+++ Data to examine

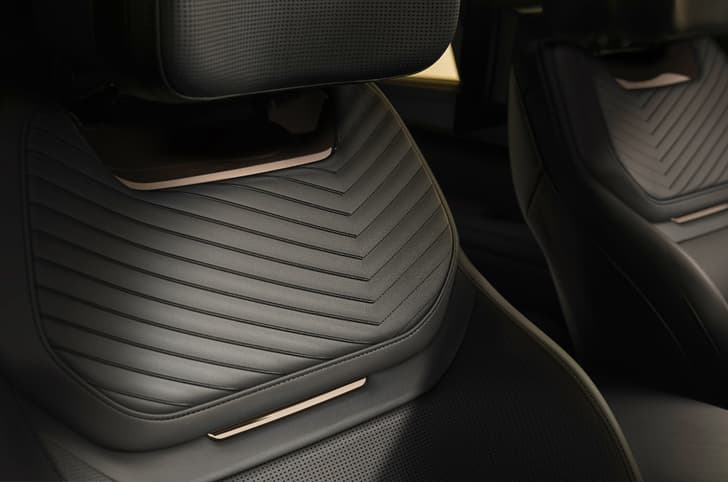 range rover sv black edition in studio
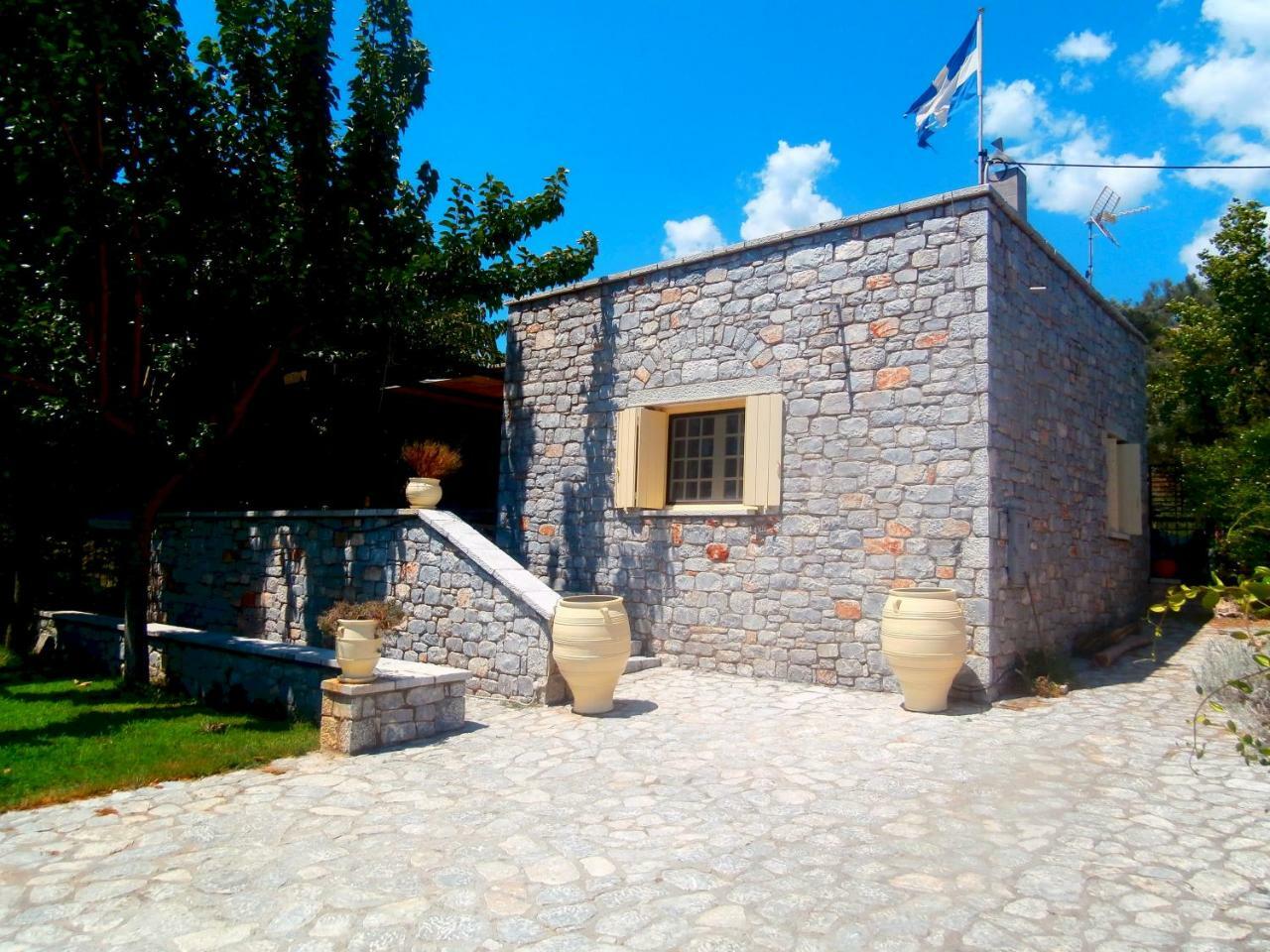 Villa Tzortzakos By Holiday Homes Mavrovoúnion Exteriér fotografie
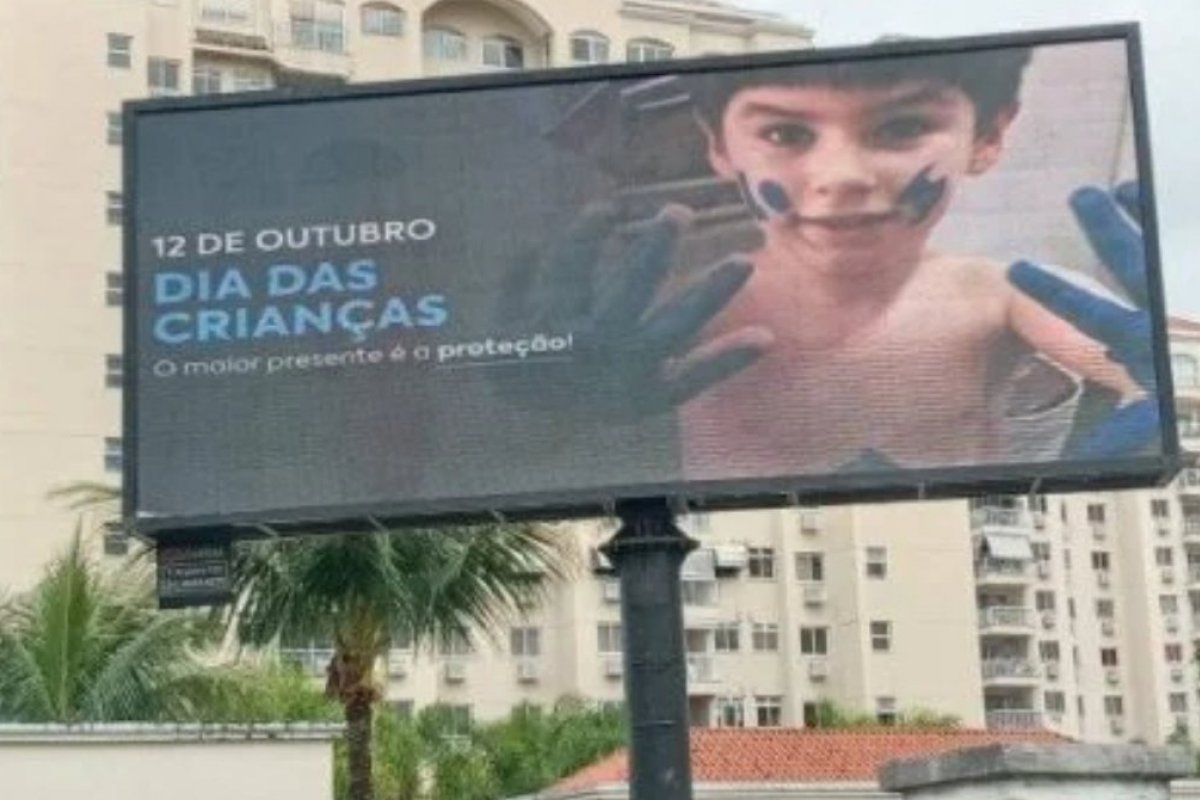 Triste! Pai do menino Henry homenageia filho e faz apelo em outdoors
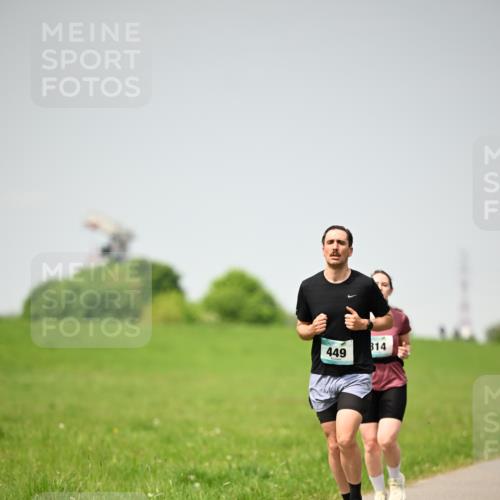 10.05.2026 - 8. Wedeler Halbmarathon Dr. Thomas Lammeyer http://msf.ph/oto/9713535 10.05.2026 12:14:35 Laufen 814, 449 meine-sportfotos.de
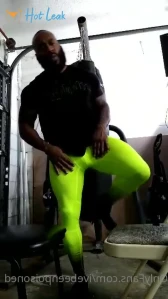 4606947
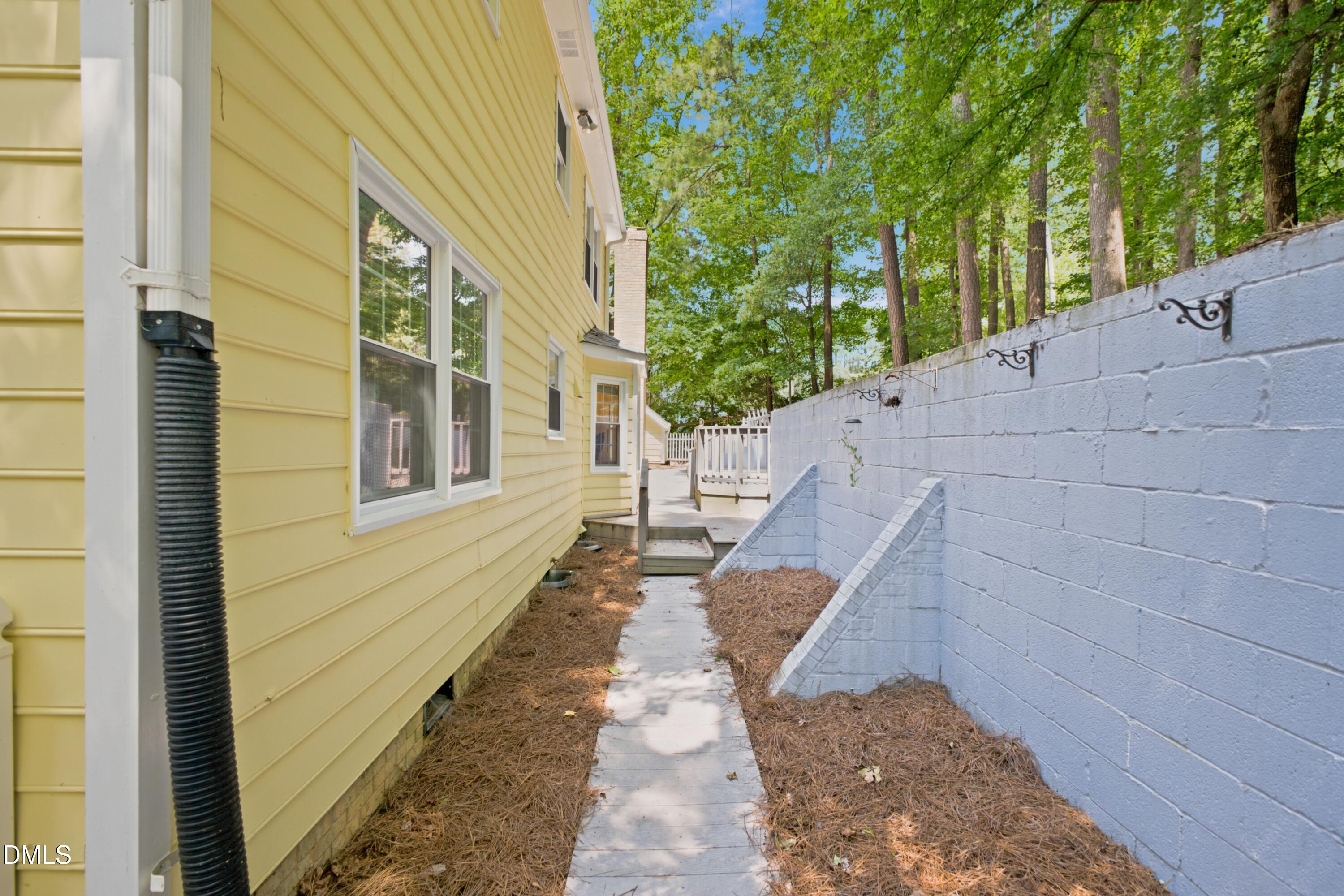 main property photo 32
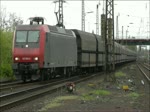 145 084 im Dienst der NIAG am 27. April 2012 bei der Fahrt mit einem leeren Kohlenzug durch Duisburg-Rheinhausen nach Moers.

++++++

## Exercise aim
Once the images are removed, print the remaining data exactly as it appears above.

## Response box
 range rover sv black edition in studio
 Villa Tzortzakos By Holiday Homes Mavrovoúnion Exteriér fotografie
 Triste! Pai do menino Henry homenageia filho e faz apelo em outdoors
 10.05.2026 - 8. Wedeler Halbmarathon Dr. Thomas Lammeyer http://msf.ph/oto/9713535 10.05.2026 12:14:35 Laufen 814, 449 meine-sportfotos.de
 4606947
 main property photo 32
 145 084 im Dienst der NIAG am 27. April 2012 bei der Fahrt mit einem leeren Kohlenzug durch Duisburg-Rheinhausen nach Moers.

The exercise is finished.